Healthcare is something each and every one of us has experience with. Whether it’s visiting your local doctor, urgent care facilities, or hospital, essentially everyone at some point has received medical care. The sights and sounds are familiar, between the staff spinning around helping patients to the sound of machines everywhere.
We make an appointment or just show up (in the case of an urgent care or emergency room), we talk to a doctor or nurse practitioner, and scurry off to get back to our hectic lives. We get prescriptions for our pain and illnesses, then take them to a pharmacy to be filled. Rarely do we talk to the actual pharmacist.
What happens when something unfortunately goes wrong with these otherwise routine events?
Doctors are normally known for their bedside manner and patience, but what if they’re rude? Pharmacists dispense thousands of prescriptions per day, so what if one is wrong?
If it were a fast food drive thru and the order was wrong, or the cashier was rude, we’d grumble, maybe turn around and go in to get it fixed, or we’d do nothing at all. But in healthcare, while a rude doctor may not kill us, the wrong prescription just might. Or it could make us very ill, putting us right back into the medical facility we’d just left.
Now those an extreme examples. What if it was something in the middle? A mess in the hospital cafeteria when you go to visit a family member? An uncomfortable temperature in the waiting rooms?
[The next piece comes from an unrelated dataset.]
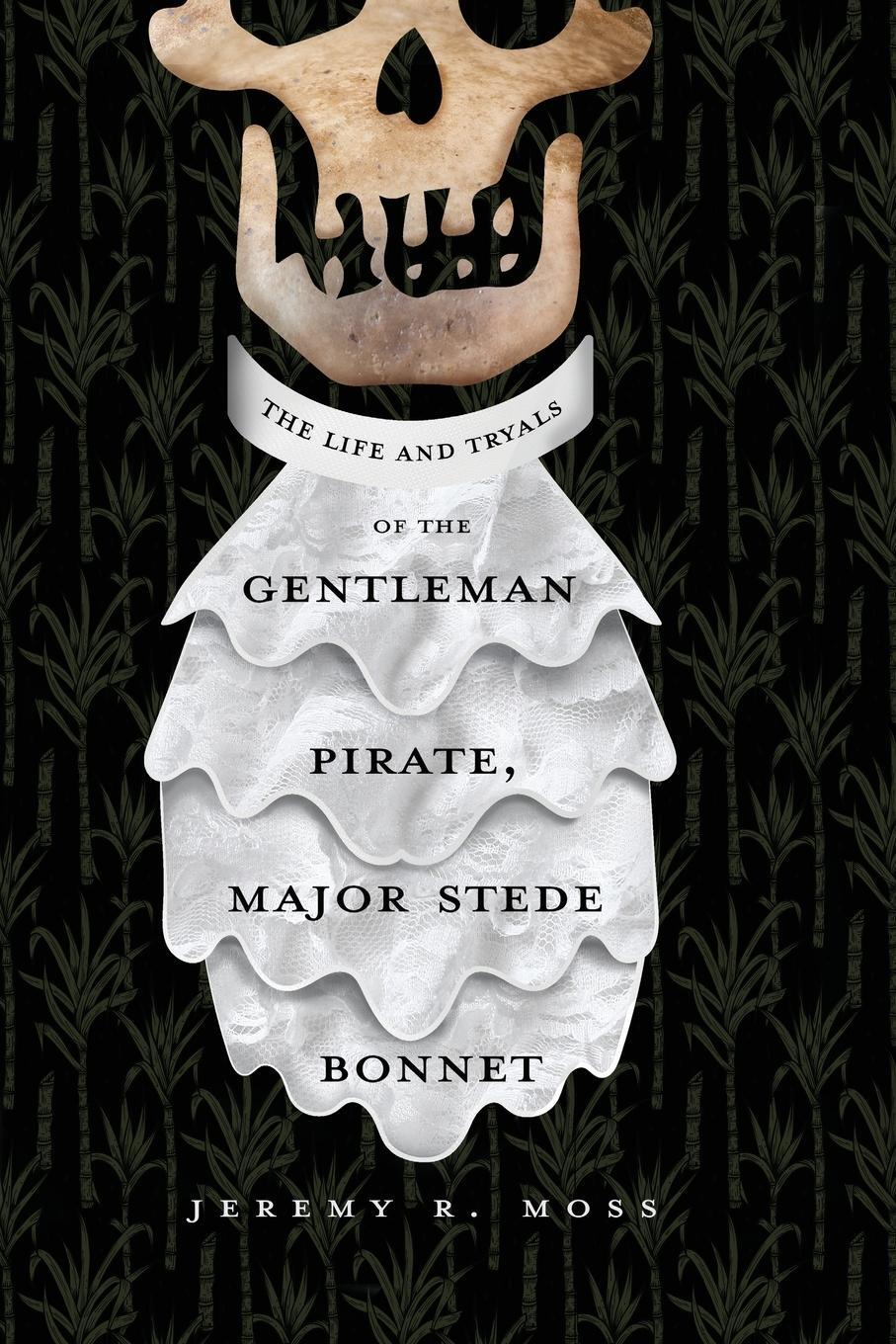 Cover: 9781646631490 | The Life and Tryals of the Gentleman Pirate, Major Stede Bonnet | Moss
Be it large or small, the best thing we can do is register a formal complaint with the facility. From large facilities like Mayo Clinic, that gives a detailed outline of what to expect from any complaint, to our local hospital here in Norfolk, every facility gives you an opportunity to voice your concerns. Additionally, you can always speak to anyone in the facility at any time.
But what happens once your complaint is sent in? Or after you speak with someone?
Developing a Complaint Management Process
Does it get filed away, never to be responded to? Does it get added to a spreadsheet for follow up that may never happen? Or does it get lost entirely?
It’s important for the healthcare facility to make sure they have a process in place to manage those complaints. It’s important for healthcare organizations to realize that complaints aren’t just grumbles from unhappy people, but can be used to help identify and improve patient safety, especially in areas that aren’t typically identified by traditional monitoring methods.
The Joint Commission, the United States’ oldest and largest standards-setting and accrediting body in healthcare, advocates creating a complaint capture and resolution processopens PDF file incorporating their best practices to develop risk management and quality improvement strategies. This allows organizations to comply with all federal regulations and accreditation standards.
Benefits of Software for Complaint Tracking
What better way to manage your process than to use a software program that will help you keep track of your complaints? With a program like Issuetrak, you can use all your existing mechanisms to capture complaints, be that web form, email, chat, or phone call. The software program then captures those complaints and allows you to follow your best practices, setup workflow processes, and know who is handling the issue at all times.
Knowing where the complaint is in its lifecycle is one benefit, as is being able to get detailed reporting. You want to know how many complaints are about a specific facility or provider, how many are coming in within a certain time period, as well as identify other trends or data points that are most important to your team or management.
Additionally, having a central repository for information is a huge benefit to using a software package to track your complaints. Anyone in healthcare knows there’s always a need for higher ups to see or gather data--whether that’s a board that oversees a single facility or a management team overseeing an entire health system in an area. Having all your complaints in one place makes it easy to track and disseminate information as needed.